ラクシャ・バンダン

sadhu

2015年は8月29日の満月(日本時間の満月は30日)に、インドではラクシャ・バンダンの祝祭を迎えます。兄弟姉妹の愛に捧げられるこのラクシャ・バンダンでは、姉妹たちが兄弟の健康と幸福を祈り、ラキという聖なる紐を兄弟の手首に結びつけます。ラキを結ばれた兄弟たちは、姉妹を生涯に渡って守ることを約束します。
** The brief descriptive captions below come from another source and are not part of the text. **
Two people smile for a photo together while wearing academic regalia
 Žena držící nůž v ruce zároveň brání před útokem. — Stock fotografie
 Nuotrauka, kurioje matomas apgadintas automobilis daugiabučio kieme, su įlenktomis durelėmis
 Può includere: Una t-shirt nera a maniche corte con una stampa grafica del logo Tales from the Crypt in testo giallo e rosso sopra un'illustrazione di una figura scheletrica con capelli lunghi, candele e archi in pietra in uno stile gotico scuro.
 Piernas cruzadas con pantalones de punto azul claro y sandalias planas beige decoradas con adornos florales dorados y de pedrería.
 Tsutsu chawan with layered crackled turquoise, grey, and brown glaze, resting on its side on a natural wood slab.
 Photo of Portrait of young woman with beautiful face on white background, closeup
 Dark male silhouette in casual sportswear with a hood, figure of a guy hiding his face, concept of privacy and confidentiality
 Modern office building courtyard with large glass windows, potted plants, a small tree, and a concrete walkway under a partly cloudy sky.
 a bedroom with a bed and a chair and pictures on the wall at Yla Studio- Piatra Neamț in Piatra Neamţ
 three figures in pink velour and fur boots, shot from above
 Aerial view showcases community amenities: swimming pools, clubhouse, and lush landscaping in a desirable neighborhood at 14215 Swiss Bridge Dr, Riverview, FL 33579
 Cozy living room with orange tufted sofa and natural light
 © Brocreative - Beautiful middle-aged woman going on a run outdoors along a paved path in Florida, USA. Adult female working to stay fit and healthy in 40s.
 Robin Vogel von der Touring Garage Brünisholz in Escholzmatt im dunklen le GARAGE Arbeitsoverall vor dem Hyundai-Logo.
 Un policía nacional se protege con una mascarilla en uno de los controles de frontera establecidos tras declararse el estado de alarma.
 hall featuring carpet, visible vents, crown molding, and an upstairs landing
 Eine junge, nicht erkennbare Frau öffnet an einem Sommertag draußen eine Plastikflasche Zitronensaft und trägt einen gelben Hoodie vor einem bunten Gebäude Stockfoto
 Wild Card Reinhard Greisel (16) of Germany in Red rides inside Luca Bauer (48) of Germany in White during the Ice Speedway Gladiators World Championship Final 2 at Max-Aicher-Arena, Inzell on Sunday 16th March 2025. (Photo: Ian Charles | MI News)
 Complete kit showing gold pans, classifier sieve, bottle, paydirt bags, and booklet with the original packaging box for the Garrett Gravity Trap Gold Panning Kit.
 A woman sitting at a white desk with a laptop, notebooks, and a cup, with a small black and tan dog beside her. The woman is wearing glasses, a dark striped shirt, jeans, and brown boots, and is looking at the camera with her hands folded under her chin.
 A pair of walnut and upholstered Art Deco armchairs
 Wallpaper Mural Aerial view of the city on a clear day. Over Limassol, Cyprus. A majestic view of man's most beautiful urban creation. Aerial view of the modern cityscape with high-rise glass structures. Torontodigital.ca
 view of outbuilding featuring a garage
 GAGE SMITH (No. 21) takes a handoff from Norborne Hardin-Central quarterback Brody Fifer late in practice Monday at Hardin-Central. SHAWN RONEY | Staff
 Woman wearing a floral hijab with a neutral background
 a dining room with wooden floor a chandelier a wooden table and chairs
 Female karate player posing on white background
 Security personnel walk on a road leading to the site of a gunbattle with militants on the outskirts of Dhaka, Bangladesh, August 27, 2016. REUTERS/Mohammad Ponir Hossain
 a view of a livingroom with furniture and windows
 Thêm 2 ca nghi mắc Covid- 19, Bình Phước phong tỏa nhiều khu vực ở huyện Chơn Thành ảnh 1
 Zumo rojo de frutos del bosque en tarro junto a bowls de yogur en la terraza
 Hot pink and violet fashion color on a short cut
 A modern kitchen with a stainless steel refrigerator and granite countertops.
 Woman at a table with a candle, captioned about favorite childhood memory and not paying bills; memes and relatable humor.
このラクシャ・バンダンは、現代においてもインドの各地で祝福される盛大な祝祭の一つです。家族が会するこの時のために、姉妹たちは祝祭の前から数々の準備を行い、また、マーケットは色鮮やかなラキで溢れます。守りを意味する聖なる紐ラキは、このラクシャ・バンダンに欠かすことができないものです。

手首に紐を結び付ける行いは、ラクシャ・バンダンだけでなく、インドでは日常的なプージャーでも広く行われています。寺院を訪れれば、赤い紐を手首に巻かれることも少なくありません。この紐はモウリーと呼ばれ、神と自分自身を結びつける象徴として捉えられています。

こうした「結びつき」には、日々を豊かに生きるためのとても深い意味が存在しています。私たちが日常の中で感じる不安や恐れは、自分自身が全体(神)から離れた存在であるという無知にあるといわれ、瞑想を始め、全体と結びつくためのさまざまな行いが説かれてきました。「結ぶ」という意味を持つヨーガが世界中で実践されていることも、今、一人一人が孤立し、不安や恐れを強く抱いていることにあるのかもしれません。

インドでは、兄弟姉妹を結びつけるラクシャ・バンダンのように、家族が何よりも大切なものとして存在しています。霊性を育む道の中でも、家族を大切にする意味の重要性を幾度となく教えられました。身近な存在である家族を通じ、我を忘れ純粋に他に尽くす中で、自我が生み出す多くの苦しみがなくなるからです。そうした結びつきが生み出す心の平安は、社会へと広がり、世界が一つに繋がる大きな平和をもたらしくれるものにも他ありません。

個人としてのあり方が強まる現代社会には、さまざまな苦難が渦巻いています。兄弟姉妹だけでなく、身近な家族との結びつきを、改めて見直してみるのも良いかもしれません。皆さまもどうぞ、祝福に満ちた満月をお迎えください。